Song Soo-yeon mengerutkan kening.

Dia menjadi lebih fokus dalam video tersebut.

Penghiburan berbicara.

'…Menurut pendapatku, seorang pahlawan bukan hanya tentang mengalahkan penjahat… ini tentang berbagi kekuatan dengan semua orang yang meminta bantuan, tidak peduli seberapa kecil masalahnya.

Dan seseorang yang tidak mengharapkan imbalan apa pun. Seseorang yang berbagi kehangatan. Juga….'

Solace tampak merenung, lalu memicingkan matanya dan tertawa kecil.

'Haha, dan seseorang yang melawan musuh yang tidak ada duanya untuk melindungi seseorang yang berharga. Itulah menurutku pahlawan. Jalanku masih panjang.

Mungkin ada lebih dari itu sebagai pahlawan, tapi aku masih belajar… jadi tolong bantu aku. Awasi tindakan aku dan beri aku umpan balik. aku akan menjadi pahlawan yang hebat.'

Video berakhir di sana.

Song Soo-yeon menatap kosong pada video yang berakhir.

Ada sesuatu yang terasa tidak tenang di hatinya.

…..Jadi ada pahlawan yang berpikir seperti ini.

Sepertinya dia memiliki kesamaan dengan tuan.

Terutama kata-kata Solace tentang 'berdiri menghadapi musuh yang tidak ada duanya'.

Kata-kata itu mengingatkannya pada tuan yang telah pergi sejauh Asosiasi Pahlawan untuk menghadapi Shake.

Meskipun harga dirinya belum memungkinkannya untuk mengakui Solace, dia dapat mengakui bahwa Solace berbeda dari pahlawan lain yang pernah dia lihat sejauh ini.

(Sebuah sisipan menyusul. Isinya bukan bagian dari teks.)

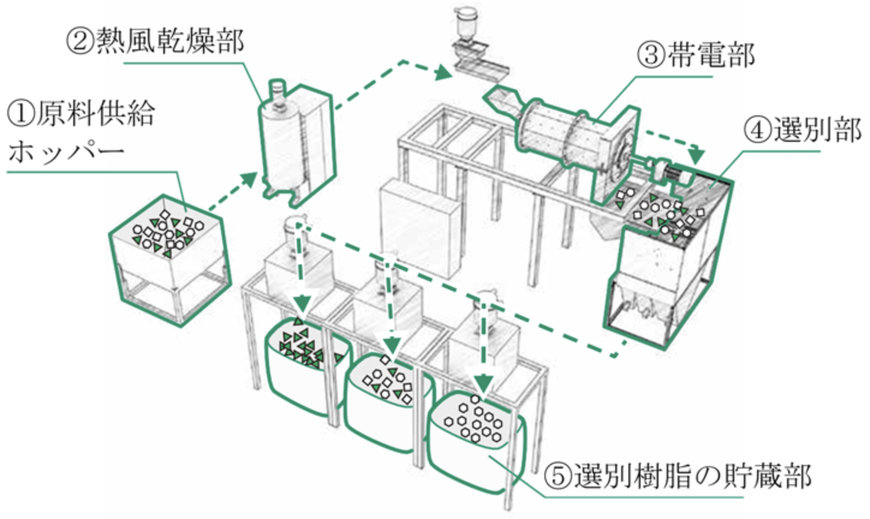 三菱電機とダイサン・がプラスチック高度選別実証機の運用を開始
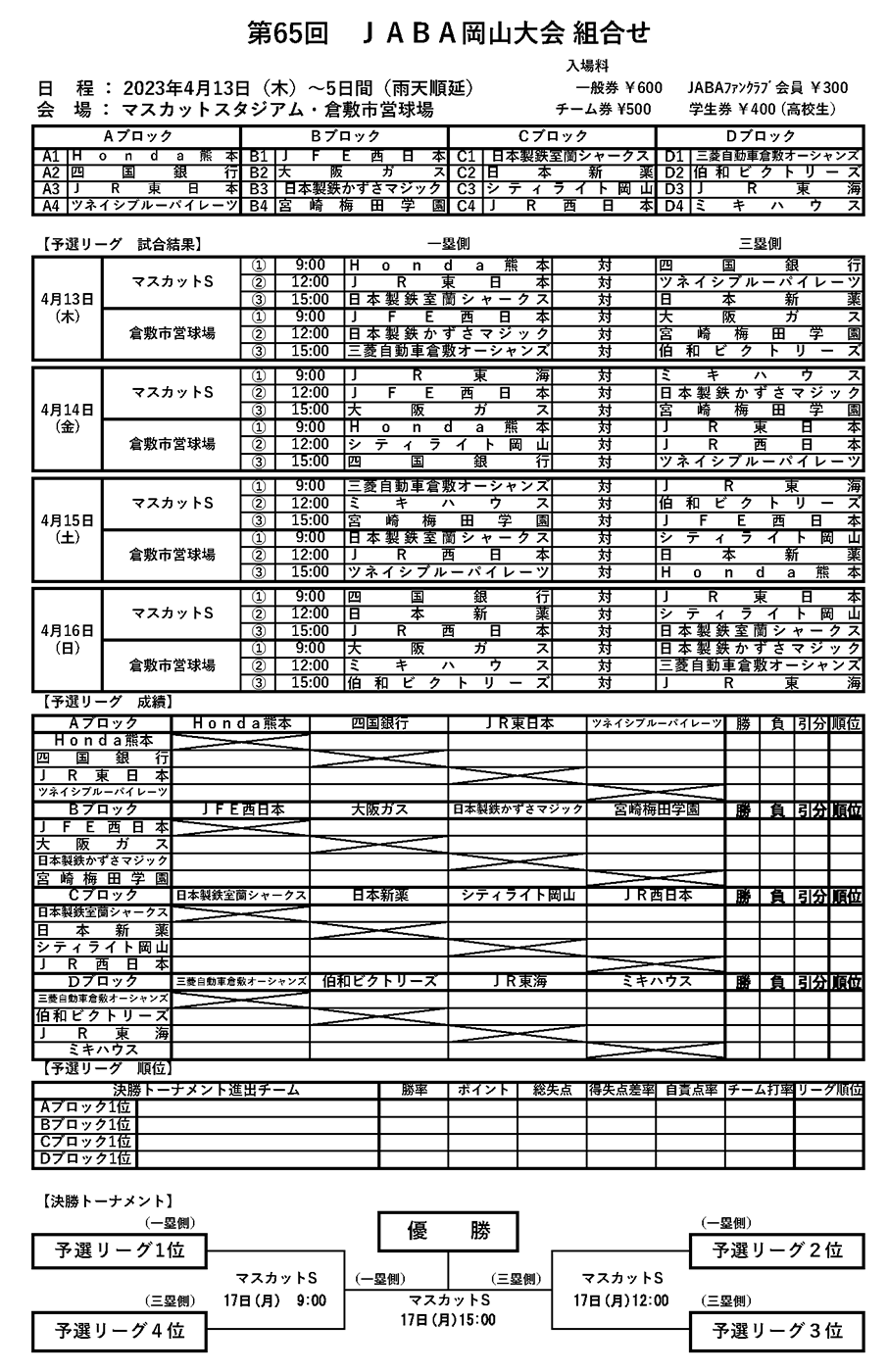 大会表：第65回JABA岡山大会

Rasanya seperti dia tersesat.

Dia mengira tidak ada pahlawan seperti ini.

"….Hah."

Dia hanya mengalihkan perhatiannya dari hal itu.

Penjahat, pahlawan, semua itu.

Ini adalah kisah dari dunia yang jauh dari dunianya.

Dunia Song Soo-yeon telah memulai cerita baru.

Hanya itu yang ingin dia fokuskan saat ini.

Song Soo-yeon memejamkan mata, berdoa agar hari sekolah segera berakhir.

Tuan telah bersumpah untuk bekerja keras, tapi itu pun adalah sesuatu yang dia nantikan.